MIAMI – Former Delta Air Lines President and CEO, Richard Anderson, was announced as the new Chief Executive of Amtrak on Monday.
Anderson assumes his position during a difficult time at the United States’ largest passenger rail company. Amtrak is currently facing pressure from New York Governor Andrew Cuomo to turn over control of Manhattan’s Penn Station due to poor conditions and a series of minor train derailments from unsafe track conditions.
Cuomo and New Jersey Governor Chris Christie have publically threatened to withhold state payments to Amtrak should Amtrak not turn over control.
In addition, Amtrak has been wildly unprofitable for many years and continues to leak millions of dollars annually. In 2016, Amtrak posted an unaudited operating loss of $227 million dollars from a record $3.2 billion in revenue.
Anderson entered the transit world in in 2001 when he was named CEO of Northwest Airlines. After leaving Northwest to serve as CEO of Untied Healthcare from 2004-2007, Anderson once again returned to the airline industry as CEO of Delta Air Lines during its merger with Northwest.
During his tenure at Delta, Anderson oversaw a historic turnaround that catapulted Delta from chapter 11 bankruptcy to becoming a profit machine. Under his reign, Delta invested heavily in aircraft, infrastructure, and human capital while remaining what he called “Delta Proud.”
After stepping down as President and CEO of Delta on May 2nd, 2016, Richard assumed the position as Executive Chairman of the Delta Board of Directors. After a brief stay on the Board of Directors, Anderson retired from his position on October 11th, 2016.
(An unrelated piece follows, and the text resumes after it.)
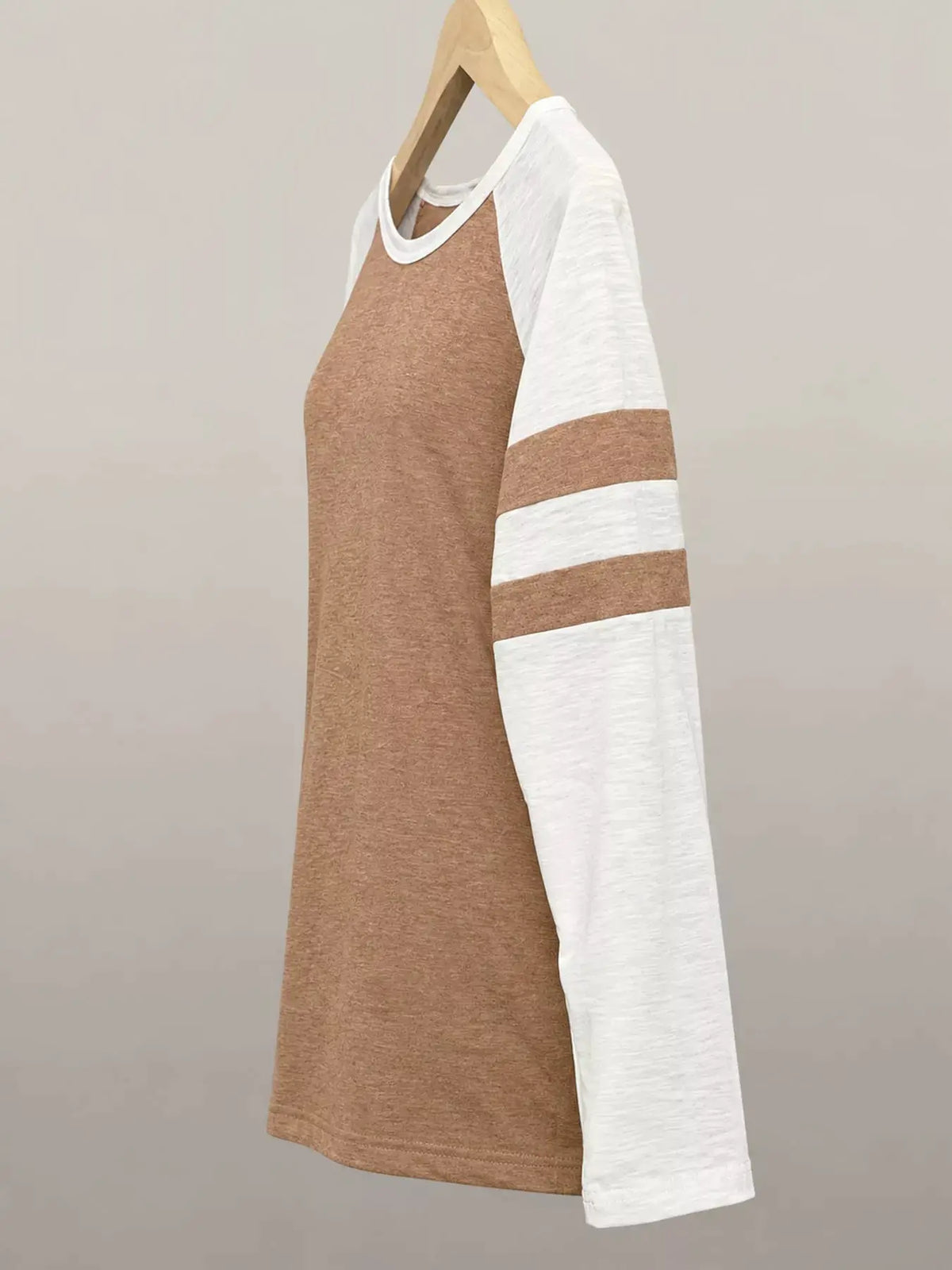 Full Size Color-Block Raglan Sleeve Striped T-Shirt Plus Size by Trendsi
Anderson is sure to face increasing pressure to cut many of Amtrak’s unprofitable routes. While shorter routes like Amtrak’s Northeast Regional turn a profit, many of its transcontinental routes like the California Zephyr (Chicago to San Francisco) lose hundreds of millions of dollars annually combined.
Under President Donald Trump’s newly proposed budget, Amtrak is set to encounter large federal funding cuts. These cuts will likely force Amtrak to cut many of its longer routes. In addition to these cuts, Amtrak will also lose federal grant money for future rail expansion.
The impending cuts are a stark contrast from the Obama Administration where Vice-President Joe Biden lobbied heavily for Amtrak.